Nach Angaben eines IDF-Sprechers handelte es sich bei dem Opfer um den 30-jährigen Bar Falah, der aus der Küstenstadt Netanya stammt. Falah diente als stellvertretender Kommandeur des IDF-Aufklärungsbataillons 934 (Gadsar Nahal).

Falah wurde getötet, während er seine Truppen anführte, um am Mittwoch früh zwei Terrorverdächtige festzunehmen. Die beiden Bewaffneten, von denen einer ein Sicherheitsbeamter der Palästinensischen Autonomiebehörde war, wurden bei dem anschliessenden Feuergefecht getötet.

„Er war ein Kämpfer in seinem ganzen Wesen, er bekämpfte den Terrorismus und führte seine Kämpfer bis zu seiner letzten Stunde. Der Einsatz, bei dem er getötet wurde, hat einen grossen Terroranschlag vereitelt und viele Menschenleben gerettet“, sagte Premierminister Yair Lapid.

„Es gibt keine Worte, um seine Familie, seinen Partner und seine Freunde über diesen grossen Verlust hinwegzutrösten, möge das Andenken an Bar ein Segen sein“, sagte Lapid.

Likud-Chef Benjamin Netanjahu würdigte Falah als einen „Helden in seinem Leben und seinem Tod“.

Nach Angaben der IDF entdeckten Soldaten, die Überwachungskameras bedienten, am Mittwoch vor Sonnenaufgang zwei Verdächtige in der so genannten Nahtstelle zwischen Judäa und Samaria und Israel, in der Nähe des palästinensischen Dorfes Jalamah. Die zur Untersuchung entsandten Truppen umstellten die beiden und leiteten ein Verhaftungsverfahren ein.

Daraufhin „eröffneten die Verdächtigen das Feuer auf unsere Soldaten“, teilte das Militär in einer Erklärung mit. „Die IDF-Truppen gingen in Deckung und schossen auf die Verdächtigen, um sie zu neutralisieren.

Nach Angaben des Kommandeurs der IDF-Division in Judäa und Samaria, Brigadegeneral Avi Blot, wurden die Bewaffneten mehr als zwei Stunden vor der Schiesserei gesichtet. Er bestätigte, dass die beiden, die mit einer behelfsmässigen Maschinenpistole des Typs Carlo und einer weiteren halbautomatischen Waffe bewaffnet waren.

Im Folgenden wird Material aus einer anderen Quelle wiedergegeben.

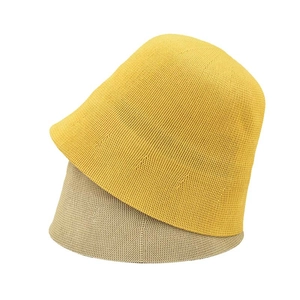 Women's knitted bucket hat in yellow and beige, minimalist dome shape for summer style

Blot sagte, das Militär vermutete, dass die beiden einen Hinterhalt auf die Truppen in dem Gebiet planten. Eine bewaffnete Drohne wurde zum Tatort geschickt, kam aber nicht zum Einsatz, da das Militär nicht sofort erkannte, dass die beiden Verdächtigen bewaffnet waren, so Blot.

„Leider ist es kein guter Morgen. Wir haben letzte Nacht einen Offizier verloren. Ich spreche seiner Familie und seiner Freundin mein Beileid aus“, sagte Militärchef Aviv Kohavi am Mittwochmorgen auf einer Militärkonferenz.

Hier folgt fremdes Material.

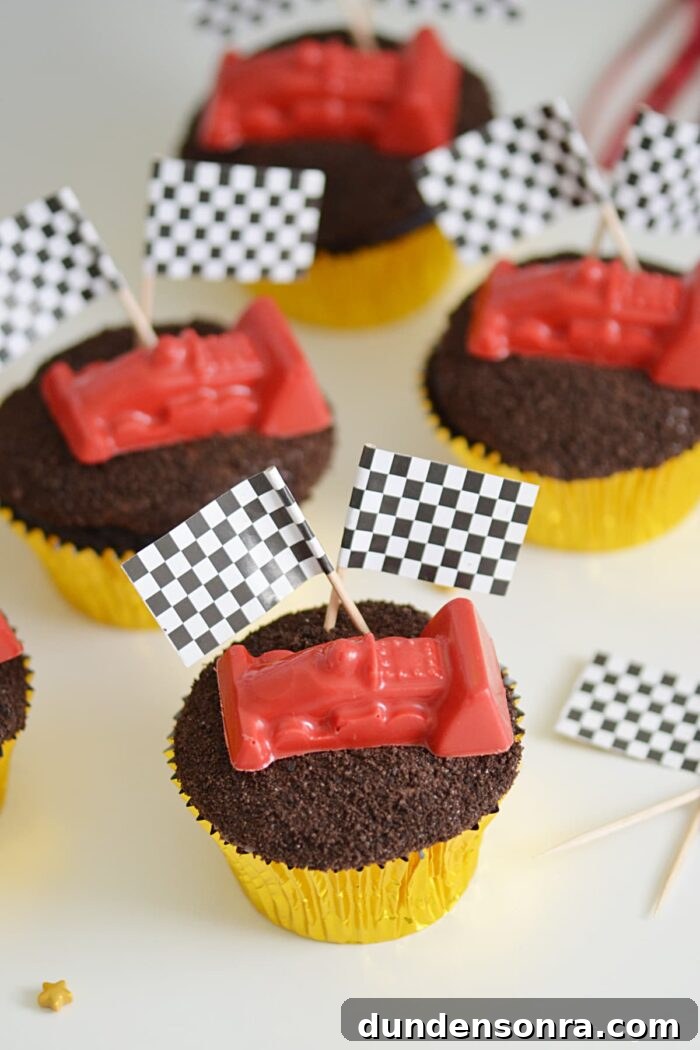 Cupcakes topped with crushed cookies and a race car with flags.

Israelische Truppen sind bei nächtlichen Razzien in Judäa und Samaria wiederholt unter Beschuss geraten. Das Militär leitete die Operation nach einer Reihe von tödlichen Anschlägen ein, bei denen zwischen Mitte März und Anfang Mai 19 Menschen getötet wurden.

Nach Angaben des Shin Bet wurden seit Anfang des Jahres mehr als 2.000 Verdächtige festgenommen.

Bei Razzien in Judäa und Samaria in den Morgenstunden des Mittwochs nahmen die Truppen sieben gesuchte Palästinenser fest und beschlagnahmten mehrere Waffen, wobei es in einigen Gebieten zu gewaltsamen Zwischenfällen kam, so die IDF.